3カ月ぶりに弾道ミサイル発射した北朝鮮の内実:「ウィズコロナ」転換と「年7%成長」の無謀

執筆者:平井久志 2022年9月26日
エリア: アジア 北米
最高人民会議で施政演説を行う金正恩国務委員長(党総書記)(『労働新聞』HPより)
北朝鮮は最高人民会議で、先制使用を含む核戦略の転換を決定したが、その後、3カ月ぶりに弾道ミサイルの発射実験を強行した。今後の軍事挑発が危惧される中で、金正恩党総書記は自立経済の正当性を強調。だが出てきた数値目標は、「自立」では到底不可能と思えるほど無謀なものだった。

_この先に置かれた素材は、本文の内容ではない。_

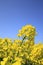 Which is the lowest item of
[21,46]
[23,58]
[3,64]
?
[3,64]

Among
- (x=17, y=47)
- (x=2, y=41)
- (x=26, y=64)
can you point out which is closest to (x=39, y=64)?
(x=26, y=64)

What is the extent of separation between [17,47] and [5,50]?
68 centimetres

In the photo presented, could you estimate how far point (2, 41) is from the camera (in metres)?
12.1

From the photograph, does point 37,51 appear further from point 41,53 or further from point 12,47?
point 12,47

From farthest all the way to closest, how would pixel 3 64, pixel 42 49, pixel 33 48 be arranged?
pixel 33 48 < pixel 42 49 < pixel 3 64

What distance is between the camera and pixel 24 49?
38.8ft

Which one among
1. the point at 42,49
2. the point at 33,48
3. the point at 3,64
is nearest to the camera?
the point at 3,64

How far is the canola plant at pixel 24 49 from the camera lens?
11.2m

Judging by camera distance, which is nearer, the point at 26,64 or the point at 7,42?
the point at 26,64

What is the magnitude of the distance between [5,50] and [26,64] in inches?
49.3

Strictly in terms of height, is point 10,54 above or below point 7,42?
below

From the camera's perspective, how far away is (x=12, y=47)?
37.9ft

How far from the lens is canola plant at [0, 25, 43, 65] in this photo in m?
11.2

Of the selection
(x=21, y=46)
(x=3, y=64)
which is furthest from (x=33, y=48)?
(x=3, y=64) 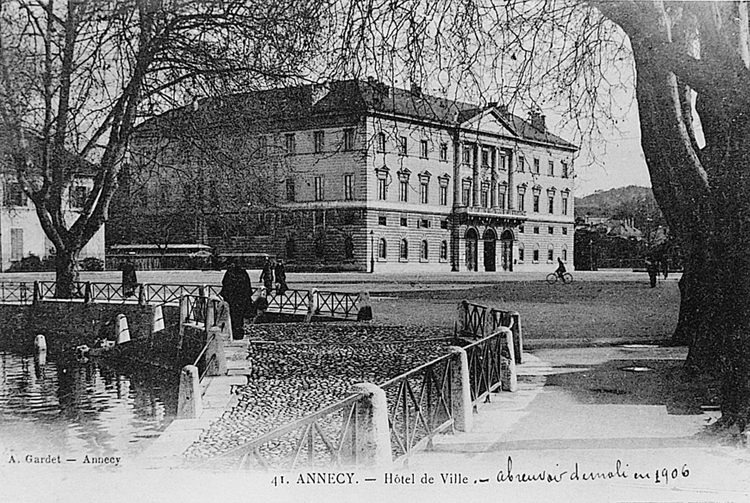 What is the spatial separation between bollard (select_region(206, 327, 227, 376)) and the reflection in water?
94 centimetres

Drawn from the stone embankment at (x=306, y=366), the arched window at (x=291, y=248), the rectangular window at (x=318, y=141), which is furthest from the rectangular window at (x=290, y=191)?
the stone embankment at (x=306, y=366)

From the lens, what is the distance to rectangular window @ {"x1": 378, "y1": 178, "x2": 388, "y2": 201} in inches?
334

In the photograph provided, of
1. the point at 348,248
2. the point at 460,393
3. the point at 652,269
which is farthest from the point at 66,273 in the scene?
the point at 652,269

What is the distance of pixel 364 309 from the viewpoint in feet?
48.5

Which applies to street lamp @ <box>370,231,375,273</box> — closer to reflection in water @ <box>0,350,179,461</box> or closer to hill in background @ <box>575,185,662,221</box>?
hill in background @ <box>575,185,662,221</box>

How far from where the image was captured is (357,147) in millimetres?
8391

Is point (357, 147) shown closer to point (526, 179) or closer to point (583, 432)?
point (526, 179)

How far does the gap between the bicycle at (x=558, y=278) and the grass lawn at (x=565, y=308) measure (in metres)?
0.11

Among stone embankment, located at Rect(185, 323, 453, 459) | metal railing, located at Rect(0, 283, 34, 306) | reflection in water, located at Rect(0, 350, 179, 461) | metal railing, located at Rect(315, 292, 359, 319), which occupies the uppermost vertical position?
metal railing, located at Rect(0, 283, 34, 306)

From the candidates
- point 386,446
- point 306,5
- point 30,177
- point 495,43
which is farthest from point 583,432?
point 30,177

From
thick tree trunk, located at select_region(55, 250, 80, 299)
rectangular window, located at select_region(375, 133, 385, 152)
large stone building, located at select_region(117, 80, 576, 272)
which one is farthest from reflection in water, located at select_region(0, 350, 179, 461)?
rectangular window, located at select_region(375, 133, 385, 152)

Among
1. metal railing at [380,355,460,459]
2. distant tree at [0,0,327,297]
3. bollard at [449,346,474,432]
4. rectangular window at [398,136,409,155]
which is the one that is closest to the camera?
metal railing at [380,355,460,459]

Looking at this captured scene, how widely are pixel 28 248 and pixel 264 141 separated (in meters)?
4.72

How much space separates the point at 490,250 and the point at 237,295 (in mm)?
5006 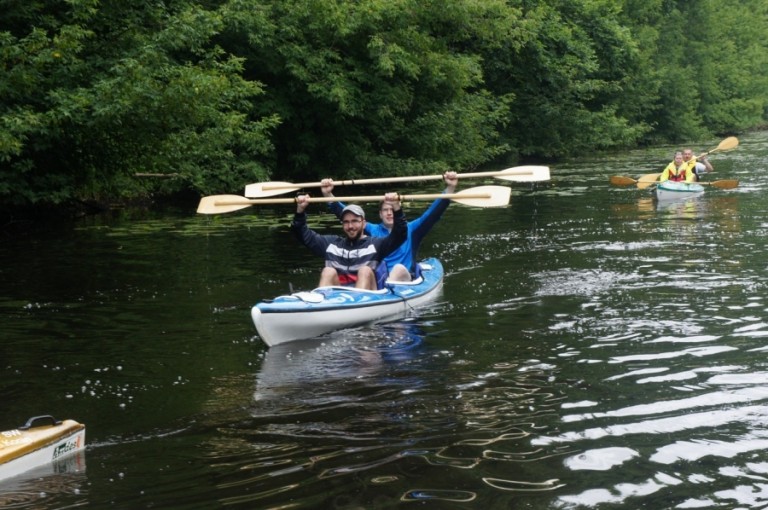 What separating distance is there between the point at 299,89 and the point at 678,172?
9.13 metres

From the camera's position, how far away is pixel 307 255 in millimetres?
14453

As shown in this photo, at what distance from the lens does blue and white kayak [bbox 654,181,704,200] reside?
21672mm

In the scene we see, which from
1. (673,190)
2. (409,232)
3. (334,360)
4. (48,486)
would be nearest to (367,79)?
(673,190)

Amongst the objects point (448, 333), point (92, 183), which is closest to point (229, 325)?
point (448, 333)

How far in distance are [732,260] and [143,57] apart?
926 centimetres

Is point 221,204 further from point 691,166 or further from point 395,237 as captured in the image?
point 691,166

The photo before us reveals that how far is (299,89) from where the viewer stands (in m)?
24.5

 金正恩(キム・ジョンウン)国務委員長(朝鮮労働党総書記)は9月8日の最高人民会議第14期第7回会議で施政演説を行い、国際社会が求める非核化には応じないと言明した。そして同会議は、核兵器の使用条件などを含む法令「核戦力政策について」を採択した。

 北朝鮮はこの施政演説と法令により、当面は米国のジョー・バイデン政権との米朝対話も、韓国の尹錫悦(ユン・ソンニョル)政権との南北対話もないことを明確にした。第8回党大会で決定した“国家核武力の全面的な高度化”に邁進し、経済制裁などに抗して自力更生路線を歩み続けることを内外に宣言したのだった。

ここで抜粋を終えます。